First to get it out of the way: Consultant != Contractor. Some people think
they mean the same thing. They don't. Contractors vs employees is just a
hiring logistic. Consultants are usually contractors, but the scope of work is
usually more specific and specialized.

I'd define a consultant as a subject matter expert who helps clients with a
problem domain for a fixed interval.

"Being a consultant" to me means usually helping a company with a problem or
role that they can't help themselves in. That means you have to be not only
good at what you do, but confident in your decisions and suggestions. You are
the authority in their point of view - or at least close to one so you'd
probably want to find that area of expertise where you feel that level of
confidence.

Having said that, reading books might be a good start, but that's definitely
not enough to become a highly paid consultant who gets great referal gigs.
"Been there, done that" is a good expression to describe where your experience
would best come from.
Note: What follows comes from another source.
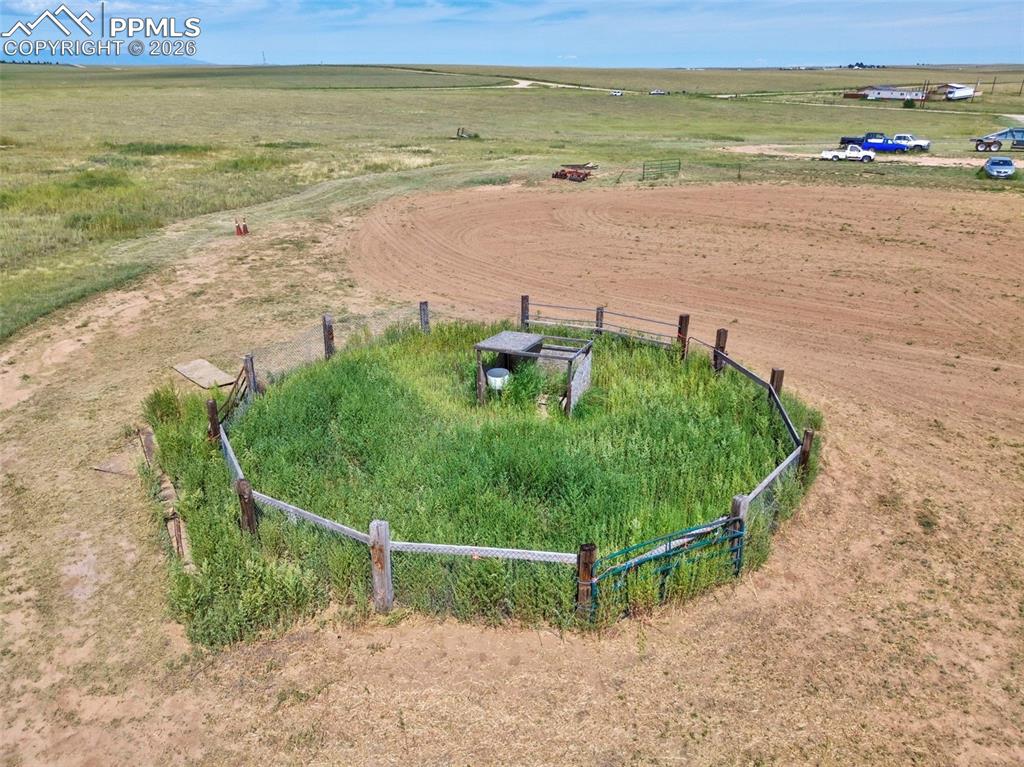 Image 34 of 45:  Livestock setup including round pen and fenced areas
Obviously, you'll get better as you consult more, but it
would be wise not to improve your skills on the behalf of others checkbooks in
a consulting role.

So assuming you're ready to go that route, you need to fill your calender with
enough work to keep yourself busy (paid) and your clients happy. I personally
don't have a secret formula for that, i just try to do the best work i can.
Leaving a good impression tends to make it easy for people to recommend you to
others which brings you more opportunities.

I'd start simply by working for someone else (i.e. a consulting firm). They'll
make some dollars off your work, but you'll start to get a feel of the process
and build a client base.

I hope that is at least a bit helpful.